:: TASK STATEMENT ::
In the entries below, find the line with "Missguided Women's Black" and the line with "School Uniforms: Rosmini"; give again those lines and every line between them, exactly.

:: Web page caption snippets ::
# # # #
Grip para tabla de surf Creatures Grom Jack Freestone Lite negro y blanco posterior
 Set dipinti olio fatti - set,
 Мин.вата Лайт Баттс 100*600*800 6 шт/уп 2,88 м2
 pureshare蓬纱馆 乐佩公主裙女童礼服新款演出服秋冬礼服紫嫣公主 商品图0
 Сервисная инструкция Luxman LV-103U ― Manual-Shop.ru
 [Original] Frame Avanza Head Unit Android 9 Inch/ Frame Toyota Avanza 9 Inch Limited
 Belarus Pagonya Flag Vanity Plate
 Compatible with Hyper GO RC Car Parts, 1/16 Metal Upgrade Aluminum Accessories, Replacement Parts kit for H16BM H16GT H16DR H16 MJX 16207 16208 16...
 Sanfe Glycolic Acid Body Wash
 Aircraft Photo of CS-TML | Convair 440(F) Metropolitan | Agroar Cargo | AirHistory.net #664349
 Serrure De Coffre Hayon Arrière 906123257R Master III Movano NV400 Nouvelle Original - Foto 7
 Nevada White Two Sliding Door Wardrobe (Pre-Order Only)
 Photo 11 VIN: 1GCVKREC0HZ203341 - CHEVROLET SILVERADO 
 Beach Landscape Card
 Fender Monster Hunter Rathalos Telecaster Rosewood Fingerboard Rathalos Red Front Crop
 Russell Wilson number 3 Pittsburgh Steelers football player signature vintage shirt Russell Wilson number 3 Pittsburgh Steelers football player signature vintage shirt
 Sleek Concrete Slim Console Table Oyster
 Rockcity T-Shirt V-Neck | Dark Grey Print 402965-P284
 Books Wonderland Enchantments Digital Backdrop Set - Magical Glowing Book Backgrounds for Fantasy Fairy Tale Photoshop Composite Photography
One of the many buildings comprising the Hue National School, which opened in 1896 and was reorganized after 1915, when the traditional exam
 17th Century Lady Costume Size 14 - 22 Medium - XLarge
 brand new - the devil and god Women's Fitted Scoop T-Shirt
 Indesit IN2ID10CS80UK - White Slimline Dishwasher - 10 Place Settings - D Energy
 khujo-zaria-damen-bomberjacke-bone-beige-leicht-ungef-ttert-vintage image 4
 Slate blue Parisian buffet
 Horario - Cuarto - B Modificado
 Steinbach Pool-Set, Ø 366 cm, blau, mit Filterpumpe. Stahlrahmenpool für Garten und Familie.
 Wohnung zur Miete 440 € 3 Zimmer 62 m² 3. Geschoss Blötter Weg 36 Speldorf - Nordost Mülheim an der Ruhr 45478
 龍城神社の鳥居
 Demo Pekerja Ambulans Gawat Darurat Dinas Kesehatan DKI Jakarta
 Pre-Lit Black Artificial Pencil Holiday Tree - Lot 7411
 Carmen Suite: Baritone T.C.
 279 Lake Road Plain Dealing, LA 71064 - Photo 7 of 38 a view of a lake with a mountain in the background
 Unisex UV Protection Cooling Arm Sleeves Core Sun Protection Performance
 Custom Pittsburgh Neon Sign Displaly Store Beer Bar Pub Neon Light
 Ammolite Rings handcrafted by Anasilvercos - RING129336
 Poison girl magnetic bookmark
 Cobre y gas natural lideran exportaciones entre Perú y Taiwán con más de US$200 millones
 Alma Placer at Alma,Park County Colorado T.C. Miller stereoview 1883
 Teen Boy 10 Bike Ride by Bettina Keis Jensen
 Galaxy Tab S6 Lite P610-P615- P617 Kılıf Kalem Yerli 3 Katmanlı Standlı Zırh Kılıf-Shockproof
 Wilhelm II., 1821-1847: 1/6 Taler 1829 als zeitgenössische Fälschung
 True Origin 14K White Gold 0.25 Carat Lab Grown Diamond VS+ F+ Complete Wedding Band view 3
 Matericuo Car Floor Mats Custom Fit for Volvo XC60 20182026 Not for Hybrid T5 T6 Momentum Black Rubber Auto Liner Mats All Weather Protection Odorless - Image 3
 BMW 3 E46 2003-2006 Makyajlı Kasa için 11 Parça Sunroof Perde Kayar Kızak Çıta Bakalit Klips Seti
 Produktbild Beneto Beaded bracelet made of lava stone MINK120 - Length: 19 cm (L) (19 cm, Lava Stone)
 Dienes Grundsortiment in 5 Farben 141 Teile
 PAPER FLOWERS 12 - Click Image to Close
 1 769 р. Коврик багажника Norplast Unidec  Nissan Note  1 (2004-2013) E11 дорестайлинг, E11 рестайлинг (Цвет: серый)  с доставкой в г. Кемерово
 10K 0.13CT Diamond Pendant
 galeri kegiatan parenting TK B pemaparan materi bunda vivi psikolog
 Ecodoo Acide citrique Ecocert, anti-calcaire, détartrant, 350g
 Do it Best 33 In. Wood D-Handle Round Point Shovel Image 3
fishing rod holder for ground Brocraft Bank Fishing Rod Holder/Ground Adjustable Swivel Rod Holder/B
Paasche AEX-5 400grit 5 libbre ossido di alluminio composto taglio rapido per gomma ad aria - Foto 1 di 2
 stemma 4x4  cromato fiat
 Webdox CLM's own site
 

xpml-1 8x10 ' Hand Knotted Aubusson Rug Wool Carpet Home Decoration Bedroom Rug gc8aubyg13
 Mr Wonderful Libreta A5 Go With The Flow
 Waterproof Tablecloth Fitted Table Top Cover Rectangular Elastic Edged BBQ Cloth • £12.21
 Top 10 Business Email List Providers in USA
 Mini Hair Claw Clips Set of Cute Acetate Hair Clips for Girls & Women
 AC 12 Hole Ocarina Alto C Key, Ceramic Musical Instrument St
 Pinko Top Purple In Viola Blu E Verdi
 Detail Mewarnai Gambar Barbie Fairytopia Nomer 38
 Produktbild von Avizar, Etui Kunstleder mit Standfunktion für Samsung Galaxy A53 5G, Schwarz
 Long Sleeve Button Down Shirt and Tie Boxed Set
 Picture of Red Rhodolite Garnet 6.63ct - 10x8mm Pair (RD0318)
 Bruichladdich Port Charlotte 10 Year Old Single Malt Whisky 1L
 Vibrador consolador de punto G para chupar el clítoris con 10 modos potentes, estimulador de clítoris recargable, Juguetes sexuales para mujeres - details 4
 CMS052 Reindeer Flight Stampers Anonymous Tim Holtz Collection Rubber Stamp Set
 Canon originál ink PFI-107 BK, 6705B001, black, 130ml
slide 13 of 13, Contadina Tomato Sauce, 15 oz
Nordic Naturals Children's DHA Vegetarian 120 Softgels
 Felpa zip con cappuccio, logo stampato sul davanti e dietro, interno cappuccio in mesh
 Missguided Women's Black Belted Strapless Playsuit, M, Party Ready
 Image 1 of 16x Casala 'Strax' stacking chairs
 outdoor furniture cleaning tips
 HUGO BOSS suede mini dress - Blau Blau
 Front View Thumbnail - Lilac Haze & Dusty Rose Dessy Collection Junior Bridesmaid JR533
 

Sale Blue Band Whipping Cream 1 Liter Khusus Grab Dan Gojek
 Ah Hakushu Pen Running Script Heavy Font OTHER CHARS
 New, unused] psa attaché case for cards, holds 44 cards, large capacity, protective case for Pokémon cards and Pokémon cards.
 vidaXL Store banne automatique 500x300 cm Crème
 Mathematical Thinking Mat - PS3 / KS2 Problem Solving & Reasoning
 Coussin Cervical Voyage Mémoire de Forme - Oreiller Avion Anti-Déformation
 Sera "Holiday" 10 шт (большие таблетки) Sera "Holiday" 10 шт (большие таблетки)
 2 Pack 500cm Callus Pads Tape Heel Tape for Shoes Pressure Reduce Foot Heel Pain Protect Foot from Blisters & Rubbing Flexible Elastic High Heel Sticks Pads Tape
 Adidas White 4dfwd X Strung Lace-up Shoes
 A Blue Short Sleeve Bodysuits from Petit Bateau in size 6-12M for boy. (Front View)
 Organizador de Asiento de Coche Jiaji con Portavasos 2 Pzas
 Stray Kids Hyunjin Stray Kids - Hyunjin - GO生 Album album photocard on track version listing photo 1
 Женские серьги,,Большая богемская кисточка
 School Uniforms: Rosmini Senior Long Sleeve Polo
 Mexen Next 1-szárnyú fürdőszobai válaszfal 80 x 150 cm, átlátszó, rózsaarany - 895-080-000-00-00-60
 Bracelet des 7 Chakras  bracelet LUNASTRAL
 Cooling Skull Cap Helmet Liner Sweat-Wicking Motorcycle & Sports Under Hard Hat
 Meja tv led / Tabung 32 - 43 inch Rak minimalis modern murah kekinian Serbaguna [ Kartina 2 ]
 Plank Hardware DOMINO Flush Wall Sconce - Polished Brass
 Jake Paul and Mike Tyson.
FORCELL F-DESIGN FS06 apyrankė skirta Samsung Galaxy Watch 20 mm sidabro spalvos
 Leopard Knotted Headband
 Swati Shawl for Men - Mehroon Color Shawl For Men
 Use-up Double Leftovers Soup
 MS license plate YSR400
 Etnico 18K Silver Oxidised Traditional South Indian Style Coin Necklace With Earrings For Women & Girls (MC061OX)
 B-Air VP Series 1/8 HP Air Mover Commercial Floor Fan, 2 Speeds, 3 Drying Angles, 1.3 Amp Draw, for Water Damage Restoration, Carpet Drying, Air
# # # #
:: EXERCISE OUTPUT ::
 Missguided Women's Black Belted Strapless Playsuit, M, Party Ready
 Image 1 of 16x Casala 'Strax' stacking chairs
 outdoor furniture cleaning tips
 HUGO BOSS suede mini dress - Blau Blau
 Front View Thumbnail - Lilac Haze & Dusty Rose Dessy Collection Junior Bridesmaid JR533
 

Sale Blue Band Whipping Cream 1 Liter Khusus Grab Dan Gojek
 Ah Hakushu Pen Running Script Heavy Font OTHER CHARS
 New, unused] psa attaché case for cards, holds 44 cards, large capacity, protective case for Pokémon cards and Pokémon cards.
 vidaXL Store banne automatique 500x300 cm Crème
 Mathematical Thinking Mat - PS3 / KS2 Problem Solving & Reasoning
 Coussin Cervical Voyage Mémoire de Forme - Oreiller Avion Anti-Déformation
 Sera "Holiday" 10 шт (большие таблетки) Sera "Holiday" 10 шт (большие таблетки)
 2 Pack 500cm Callus Pads Tape Heel Tape for Shoes Pressure Reduce Foot Heel Pain Protect Foot from Blisters & Rubbing Flexible Elastic High Heel Sticks Pads Tape
 Adidas White 4dfwd X Strung Lace-up Shoes
 A Blue Short Sleeve Bodysuits from Petit Bateau in size 6-12M for boy. (Front View)
 Organizador de Asiento de Coche Jiaji con Portavasos 2 Pzas
 Stray Kids Hyunjin Stray Kids - Hyunjin - GO生 Album album photocard on track version listing photo 1
 Женские серьги,,Большая богемская кисточка
 School Uniforms: Rosmini Senior Long Sleeve Polo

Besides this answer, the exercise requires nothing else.